On the border between Arcata and Bloodstone. The village of Skrech is comprised of a fortified manor, several permanent structures, numerous tents, an overflow of people, bodies being buried, buildings burning, and a standing mercenary troop. (This was generated via my Random War-Time Village Generator – harboring a neighbor village, raided 1 hour before arrival, plenty of supplies, paying for a mercenary troop, plus a few secrets).

  • Crispin, Menas, Holden, and Remy were going into town to purchase supplies, a wagon, and a bow for Lady Gwen.
  • Holden was going to disguise himself as a younger man – And fails his Sorcery
  • Garbled transmission and a restless dead rises from the bushes. Most everyone failed their Steel tests, except Menas.
  • Not missing a beat Menas delivered a B13 wound to the restless dead. In hindsight, should have one of Holden’s dead students from the college rise and seek him out.
  • Holden again tried and succeed G7 Sorcery vs. Ob 3 should be a cinch.
  • Upon arriving at the village, the mercenaries exact a toll – 60 pieces of silver (Ob 3 resources), of which Menas had no problem paying.
  • They made their way to a general store and began negotiating for supplies.
  • Menas tried to eavesdrop on a conversation between two patrons of the shop, but they noticed and left (The player called for a Whispered-Secrets-Wise. The consequence would be that the entity in the village would find out. Menas failed the test).
  • Remy, with soothing platitudes, unsuccessfully haggles with the merchant that also engaged in flowery banter.
  • Menas succeeds at a Resource test (Ob 6) to purchase Carriage Wagon, Hunting Bow, and Supplies.
  • Unbeknownst to Menas, Crispin, Holden, and Remy, they were being followed back (This was the direct result of the failed Whispered Secrets-Wise).
  • Menas, Crispin, Holden, and Remy made it safely back to camp.
  • Kruder, having set up a camouflaged sentry was about to break cover when he noticed a huntsman sneaking through the woods.
  • The huntsman noticed him as well.
  • Menas had a crossbow drawn and pointed, while the huntsman only had an arrow nocked.
  • They stared for a bit, then the huntsman dove as Kruder let fly.
  • I gave the huntsman a Speed test to add to the Ob for the Crossbow shot – I figured Ob 3 for the woods +1 Ob per two successes by the huntsman was reasonable.
  • Kruder’s shot was true and delivered a B11 – he was bleeding.
  • Hearing the twang of a crossbow and a thud, the others quickly came to the scene.
  • Lady Gwen worked to save the huntsman, but her skills failed her.
  • Menas wanted to scavenge up some papers – I couldn’t think of anything interesting on failure, so I gave them a map of the Bloodstone vale, including the bandit camp.
  • Clearly they weren’t going to be going back through town.
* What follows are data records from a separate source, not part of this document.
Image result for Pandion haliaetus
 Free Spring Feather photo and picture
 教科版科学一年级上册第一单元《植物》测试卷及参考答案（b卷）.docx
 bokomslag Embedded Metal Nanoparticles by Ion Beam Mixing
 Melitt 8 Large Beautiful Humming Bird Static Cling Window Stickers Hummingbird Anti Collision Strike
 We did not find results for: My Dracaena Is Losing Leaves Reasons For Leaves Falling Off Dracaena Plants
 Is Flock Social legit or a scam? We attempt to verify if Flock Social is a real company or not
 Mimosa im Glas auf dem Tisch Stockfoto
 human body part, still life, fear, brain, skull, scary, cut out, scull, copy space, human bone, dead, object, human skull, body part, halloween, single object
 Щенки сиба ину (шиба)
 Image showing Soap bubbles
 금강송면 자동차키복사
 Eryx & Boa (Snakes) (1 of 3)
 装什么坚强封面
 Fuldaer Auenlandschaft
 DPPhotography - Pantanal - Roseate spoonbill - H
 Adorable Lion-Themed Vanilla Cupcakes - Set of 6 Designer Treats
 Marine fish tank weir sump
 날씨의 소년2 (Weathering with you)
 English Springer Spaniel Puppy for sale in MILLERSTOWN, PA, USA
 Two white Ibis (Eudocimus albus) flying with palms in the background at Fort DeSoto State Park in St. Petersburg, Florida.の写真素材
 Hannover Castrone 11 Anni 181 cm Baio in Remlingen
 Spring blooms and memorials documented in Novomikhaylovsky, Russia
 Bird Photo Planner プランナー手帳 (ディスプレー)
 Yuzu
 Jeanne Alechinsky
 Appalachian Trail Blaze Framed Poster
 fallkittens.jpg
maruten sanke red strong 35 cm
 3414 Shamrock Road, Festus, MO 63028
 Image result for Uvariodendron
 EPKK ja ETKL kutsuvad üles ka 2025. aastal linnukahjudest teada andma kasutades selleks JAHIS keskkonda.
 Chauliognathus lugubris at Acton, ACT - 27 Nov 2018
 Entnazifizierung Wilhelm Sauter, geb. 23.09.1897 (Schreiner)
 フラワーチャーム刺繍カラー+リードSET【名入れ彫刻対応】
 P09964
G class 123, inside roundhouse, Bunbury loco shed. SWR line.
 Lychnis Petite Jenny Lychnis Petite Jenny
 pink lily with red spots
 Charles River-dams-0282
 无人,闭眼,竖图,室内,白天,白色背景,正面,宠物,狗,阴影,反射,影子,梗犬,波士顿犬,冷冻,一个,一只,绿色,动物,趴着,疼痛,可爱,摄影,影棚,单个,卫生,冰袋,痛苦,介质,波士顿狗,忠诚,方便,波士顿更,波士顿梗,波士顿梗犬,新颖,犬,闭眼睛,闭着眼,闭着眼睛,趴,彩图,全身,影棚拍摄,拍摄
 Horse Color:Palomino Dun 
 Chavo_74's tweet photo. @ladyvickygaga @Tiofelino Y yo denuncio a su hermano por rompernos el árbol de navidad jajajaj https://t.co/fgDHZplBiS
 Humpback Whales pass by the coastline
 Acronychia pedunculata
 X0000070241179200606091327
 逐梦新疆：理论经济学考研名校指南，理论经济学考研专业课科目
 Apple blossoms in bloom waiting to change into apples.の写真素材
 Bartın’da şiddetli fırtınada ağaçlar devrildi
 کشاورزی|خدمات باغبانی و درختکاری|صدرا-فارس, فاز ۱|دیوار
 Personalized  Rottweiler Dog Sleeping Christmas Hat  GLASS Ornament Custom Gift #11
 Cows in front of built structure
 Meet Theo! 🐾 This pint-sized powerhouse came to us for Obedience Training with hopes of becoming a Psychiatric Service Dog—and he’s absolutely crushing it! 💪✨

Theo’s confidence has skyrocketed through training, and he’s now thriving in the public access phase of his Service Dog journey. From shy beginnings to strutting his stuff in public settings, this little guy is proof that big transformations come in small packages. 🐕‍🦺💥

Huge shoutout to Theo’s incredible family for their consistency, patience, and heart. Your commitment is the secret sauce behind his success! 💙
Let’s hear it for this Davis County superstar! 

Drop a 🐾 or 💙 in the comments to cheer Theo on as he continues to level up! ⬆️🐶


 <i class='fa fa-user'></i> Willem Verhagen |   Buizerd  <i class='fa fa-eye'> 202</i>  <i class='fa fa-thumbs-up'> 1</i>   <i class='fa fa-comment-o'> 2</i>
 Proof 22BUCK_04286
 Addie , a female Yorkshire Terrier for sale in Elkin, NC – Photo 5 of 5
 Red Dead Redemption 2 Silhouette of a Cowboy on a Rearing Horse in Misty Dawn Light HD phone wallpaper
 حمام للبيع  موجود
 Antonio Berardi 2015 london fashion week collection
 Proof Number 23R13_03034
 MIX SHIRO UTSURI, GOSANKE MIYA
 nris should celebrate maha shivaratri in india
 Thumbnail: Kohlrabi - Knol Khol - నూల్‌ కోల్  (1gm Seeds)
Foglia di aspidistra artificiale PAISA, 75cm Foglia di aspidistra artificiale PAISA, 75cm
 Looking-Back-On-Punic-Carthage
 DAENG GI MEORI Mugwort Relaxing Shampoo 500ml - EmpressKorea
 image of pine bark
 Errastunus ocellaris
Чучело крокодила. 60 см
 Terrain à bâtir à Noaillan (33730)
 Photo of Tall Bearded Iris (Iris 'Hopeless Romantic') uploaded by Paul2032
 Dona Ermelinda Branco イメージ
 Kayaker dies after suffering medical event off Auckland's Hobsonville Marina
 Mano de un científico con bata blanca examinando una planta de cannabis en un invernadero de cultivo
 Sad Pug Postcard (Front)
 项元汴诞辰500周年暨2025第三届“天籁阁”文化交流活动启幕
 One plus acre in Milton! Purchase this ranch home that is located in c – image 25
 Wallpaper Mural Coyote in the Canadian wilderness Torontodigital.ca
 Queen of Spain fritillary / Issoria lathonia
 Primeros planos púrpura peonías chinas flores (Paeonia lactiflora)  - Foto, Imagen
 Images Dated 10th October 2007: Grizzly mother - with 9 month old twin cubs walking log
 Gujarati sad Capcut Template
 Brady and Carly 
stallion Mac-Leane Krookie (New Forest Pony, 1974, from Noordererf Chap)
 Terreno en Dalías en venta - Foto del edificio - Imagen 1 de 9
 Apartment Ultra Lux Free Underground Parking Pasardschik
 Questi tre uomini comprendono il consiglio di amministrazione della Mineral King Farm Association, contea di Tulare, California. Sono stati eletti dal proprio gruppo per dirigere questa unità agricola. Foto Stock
I called for an Orienteering test Ob 2 to skirt around town without being noticed. They failed.

Range & Cover

  • They stumbled into a clearing, and 8 mercenaries in the fields armed with light crossbows took notice.
  • The guards were under the impression that there was a wagon with about 5 people.
  • We dropped into Range & Cover – Matt quickly explained this to Aidan. They were talking about withdrawing.
  • Menas instead chose to split the group.
  • Menas, Crispin, and the dwarven mercenaries would provide rear guard.
  • Kruder, Katie, Dellen, Holden, Dragan, Remy, Brandon, Garlin, Garvin, and Lady Gwen would flee.
  • The mercenaries scripted Close, Close, Charge – They were hoping to fire some crossbows, then finish off the remainder.
  • Menas scripted Withdraw, Maintain, Charge – He wanted to fall further back into the woods then let the opposition come and finally engage with superior forces.
  • Kruder scripted Withdraw, Withdraw, Withrdaw – He needed to ensure everyone was out of the way.
  • Kruder and company managed to escape while the mercenaries beat Menas in the first exchange and rained arrows, however, Menas in his dwarven mail was unassailable.
  • Menas plan worked, and they inflicted some light damage, but the mercs hesitated.
  • And then the dwarves charged and it was mostly over – I called for a Tactics Ob 2 for clean up of inferior forces. Menas failed and one of the dwarves suffered a Traumatic wound.
  • Lady Gwen immediately rushed to tend to the wounded – but the dwarves had finished them off.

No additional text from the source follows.